Etc. I've skimmed enough wiki and tvtropes pages to have attained a mastery of esoteric whatever. I can even italicize: _rectum cum bustis._


----------



## marcwormjim

_Penis._


----------



## TedEH

DistinguishedPapyrus said:


> Religion is simply a lifestyle


Except that it's not though. I made a comment earlier in the thread about how I've heard people define "religion" as being a lifestyle or a metaphor, but you've just said yourself that you feel like you have some kind of actual relationship with your faith, which completely contradicts the "not religious" thing. That IS religion. That IS faith. You can't just redefine religion and expect everyone to follow - words have no meaning if everyone redefines them for themselves.


----------



## DistinguishedPapyrus

TedEH said:


> Except that it's not though. I made a comment earlier in the thread about how I've heard people define "religion" as being a lifestyle or a metaphor, but you've just said yourself that you feel like you have some kind of actual relationship with your faith, which completely contradicts the "not religious" thing. That IS religion. That IS faith. You can't just redefine religion and expect everyone to follow - words have no meaning if everyone redefines them for themselves.

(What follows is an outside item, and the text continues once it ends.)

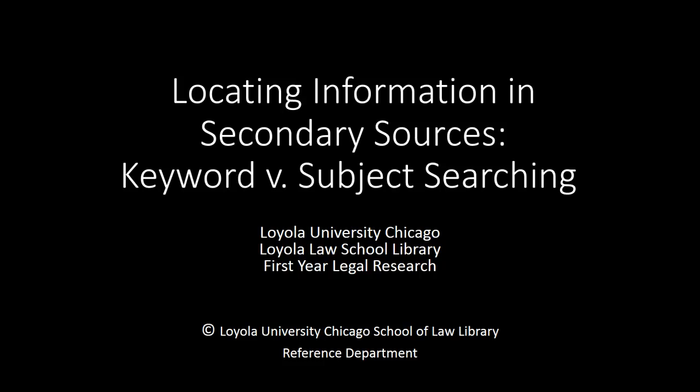Welcome. In this video, we'll compare subject or concept searching with keyword searching and talk about the differences and the advantages and disadvantages of each technique.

Sorry but I didn't read the other posts in the thread, just the first post, then wrote my reply. I did go back and read yours and several others though. What I was trying to explain is that there's a difference in faith and religion. Faith is a trust in something you cannot prove, or do not have tangible evidence for. Religion is a system of things done to try to be pleasing to God. For instance, things were so bad back around the time of Christ that these groups called the Pharisees -the religious leaders at the time - had many many rules they followed to seem religious. They would count the number of steps they were allowed to take on the sabbath days, they would weigh out the herbs they would collect for their offerings, they wore a strictly regulated wardrobe, they brought out bells and trumpets to call crowds around themselves to watch them make offerings or charitable donations so the people would see them and be in awe. These were the main ones who persecuted Christ and his followers.


----------



## TedEH

DistinguishedPapyrus said:


> What I was trying to explain is that there's a difference in faith and religion.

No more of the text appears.